Asked if he made the statement he sought in Saturday’s opener, Hill said: “Absolutely. I felt great out there. I feel comfortable in the offense and I’ve been waiting a long time for this. Other than the pick, when I put too much air under the ball, everything seemed like it flowed well.
“I didn’t play the way I wanted to last year. I think I’ve grown up. I’ve been through a lot, seen a lot, experienced a lot. I’ve learned what it takes to play this position in college.”
More defining tests are on the horizon, starting with this week’s contest at Arkansas, a longtime rival from TCU’s days in the Southwest Conference. But Coach Gary Patterson acknowledged he thought Hill made strides as a decision-maker Saturday compared to what he showed last season.

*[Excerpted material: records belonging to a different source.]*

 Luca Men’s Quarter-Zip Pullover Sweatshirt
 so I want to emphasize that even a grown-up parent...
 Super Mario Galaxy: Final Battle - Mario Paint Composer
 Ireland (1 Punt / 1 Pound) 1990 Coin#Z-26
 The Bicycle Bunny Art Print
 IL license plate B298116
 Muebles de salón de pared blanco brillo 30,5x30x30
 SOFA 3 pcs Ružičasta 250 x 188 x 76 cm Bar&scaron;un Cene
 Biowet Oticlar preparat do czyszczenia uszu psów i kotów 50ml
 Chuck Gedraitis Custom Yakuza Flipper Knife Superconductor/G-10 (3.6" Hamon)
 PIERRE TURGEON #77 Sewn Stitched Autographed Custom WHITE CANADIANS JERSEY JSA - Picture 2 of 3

“Yeah, I did,” Patterson said. “I didn’t like the interception. I told Kenny about that one. Other than that, I was happy.”

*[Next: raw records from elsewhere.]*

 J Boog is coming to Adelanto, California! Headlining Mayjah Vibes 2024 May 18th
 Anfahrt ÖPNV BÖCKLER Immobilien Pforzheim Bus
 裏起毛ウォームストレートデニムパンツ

Without question, Hill headed into the season as the X-factor in TCU’s hopes to return to contender status in the Big 12, as well as a weekly spot in the Top 25 rankings. He was pushed throughout the off-season by freshman Shawn Robinson, a four-star signee from DeSoto who showed promise as a backup by throwing a 56-yard scoring strike to TreVontae Hights on his first collegiate completion Saturday.

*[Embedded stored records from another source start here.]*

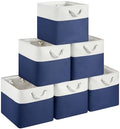 13x15x13 Inch Large Storage Bins with Cotton Rope Handles 6-Pack by HUZNXVY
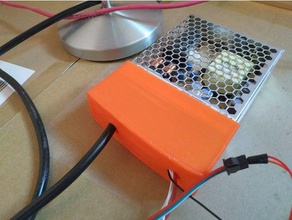 fonte de alimentação meanwell a tampa segurança eletrônica 3d print model - Mito3D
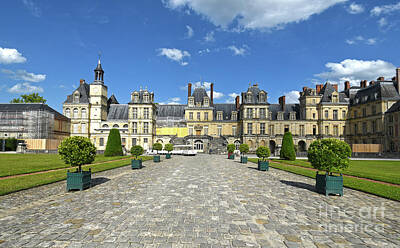 Katharine Hepburn - Palace of Fontainebleau, France  by Amir Paz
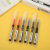 Straight Liquid Type Ballpoint Pen Office Signature Pen 0.5mm Black Quick-Drying Pen Good-looking Student Exam Gel Pen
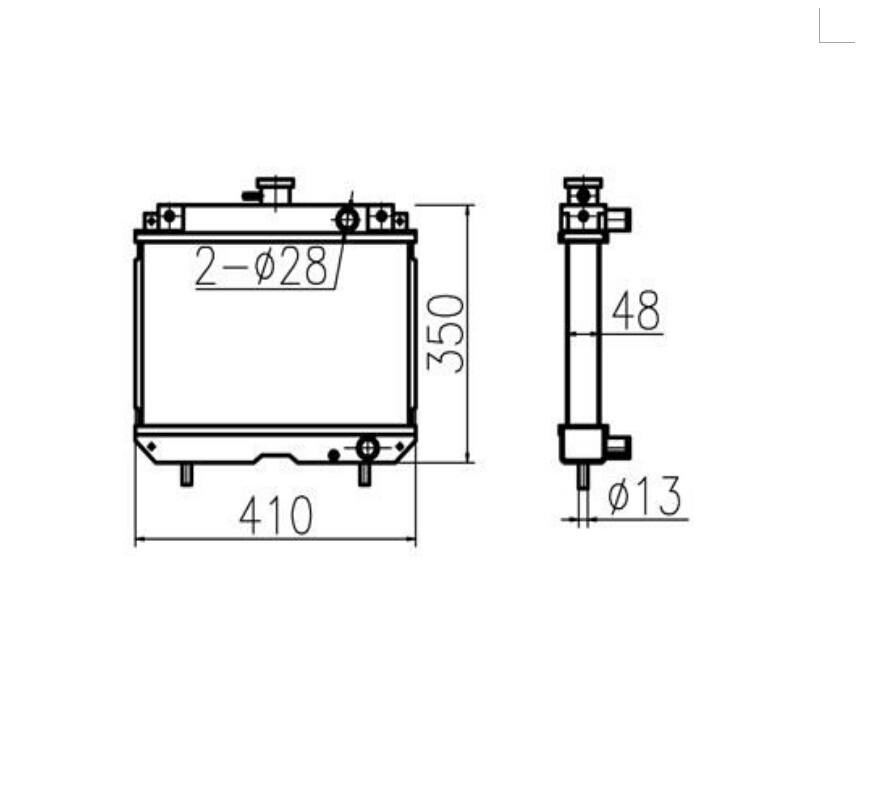Kompatibel mit Yanmar GP8 GP10 Water Tank Radiator Core ASS'Y 1192554-44510 11925444510 GP8,GP10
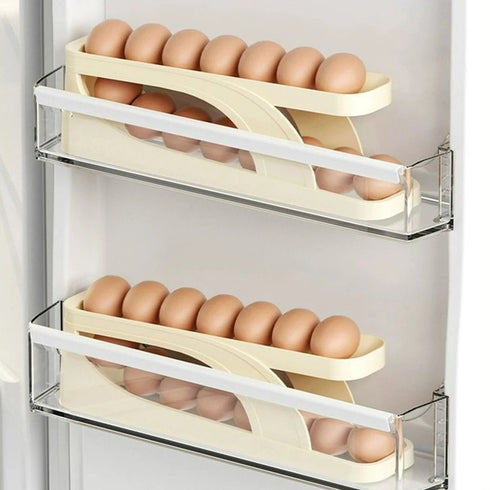 New Rotating 30-Grids Egg Storage Box – 3-Tier Space-Saving Organizer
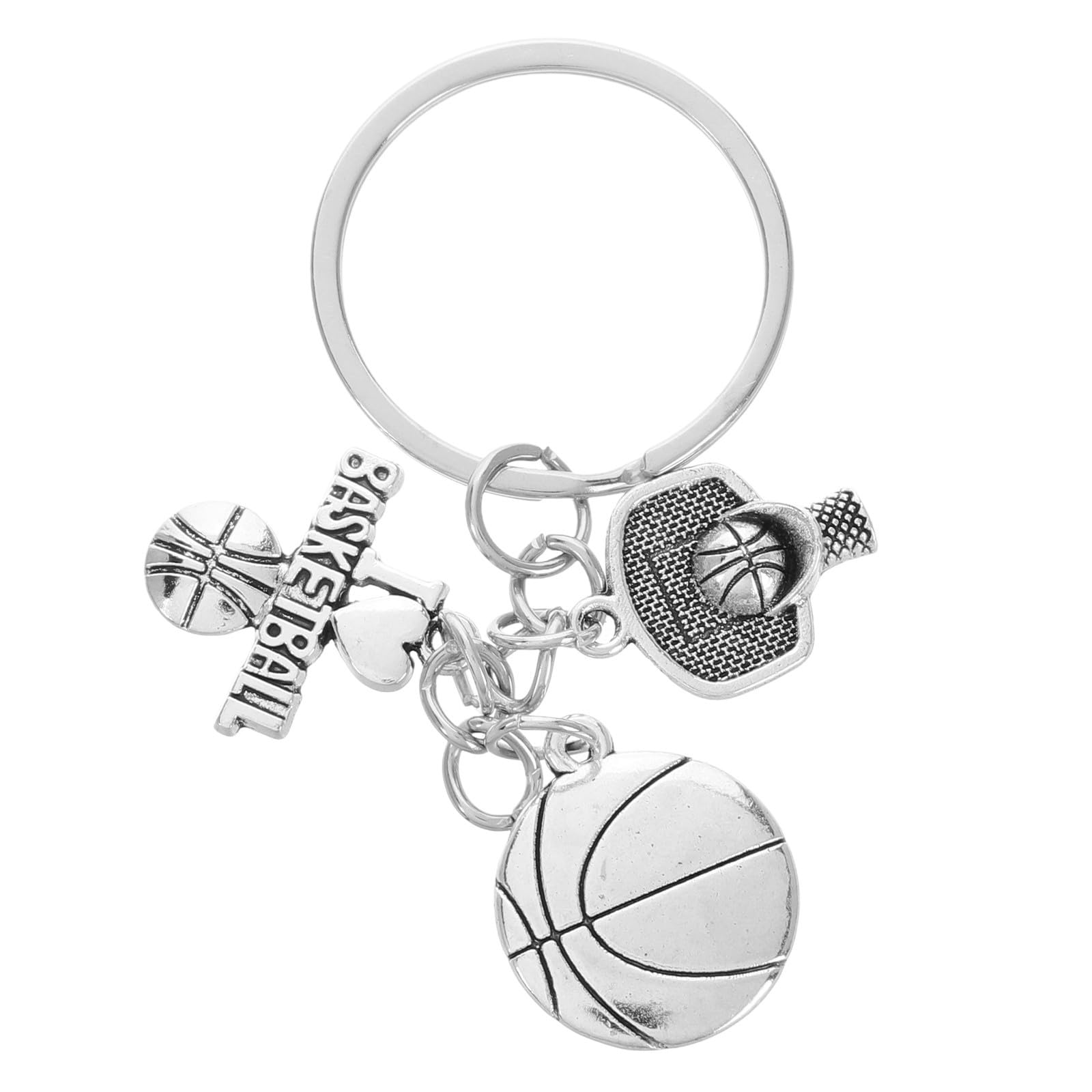 INOOMP Portachiavi da Basket in Lega di Zinco Argento Design Creativo e Resistente, Portachiavi Pendente Decorativo per Ogni Occasione il Giorno della Mamma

Hill credited Robinson’s presence as the backup with motivating him to put more separation between his totals for touchdown passes (17) and interceptions (13) than he did a year ago. Saturday’s touchdowns-to-interceptions ratio of 4-1 marked a step in the right direction. It followed an edict from Cumbie, who has been Hill’s quarterbacks coach throughout his time at TCU and challenged his senior leader during fall drills.
“As a quarterback, at times, you allow things to build up and your frustrations grow. I think you saw some of that with him,” Cumbie said before a recent practice. “What he needs to do better is protect the football, make better decisions and be consistently accurate. Those are the key things we’re asking him to do. He knows it’s time for him to grow up and play at a high level.”
For one night, Hill did exactly that. He led TCU on five touchdown drives in eight possessions, building a 42-0 lead before turning matters over to Robinson with 6:34 remaining in the third quarter. The TCU offense, which struggled with penalties last season, was not flagged during any of Hill’s possessions and the lone interception did not set up a short-field scoring opportunity for Jackson State.
Future games will offer more significant stressers and Robinson showed he’ll keep the pressure on Hill to produce with a solid college debut: 5-of-7 through the air for 94 yards, with two touchdowns. He also averaged 14.3 yards on three carries, including a 40-yarder that was TCU’s longest rushing gain of the night.
Patterson praised Robinson and said his first taste of success in college “will help him make big strides for next week” as TCU prepares for Arkansas. Hill knows the next game will be a test of whether he can show more consistency in his weekly efforts.
“The competition will step up next week and we know that. We’re just ready to get back to work,” Hill said. “We came in looking to be 1-0 and we are. I’m a results guy. I’m just looking for wins. I’m trying to go 12-0, then 13. And, hopefully, 14 and 15.”
The first step came Saturday against Jackson State, with two of Hill’s scoring strikes going to Desmon White. Asked what struck him most about Hill in the season opener, White had a quick response.
“Confidence,” White said. “He knows what he’s doing and what it’s going to take to get to the next level. We all believe in him and we’re ready to go.”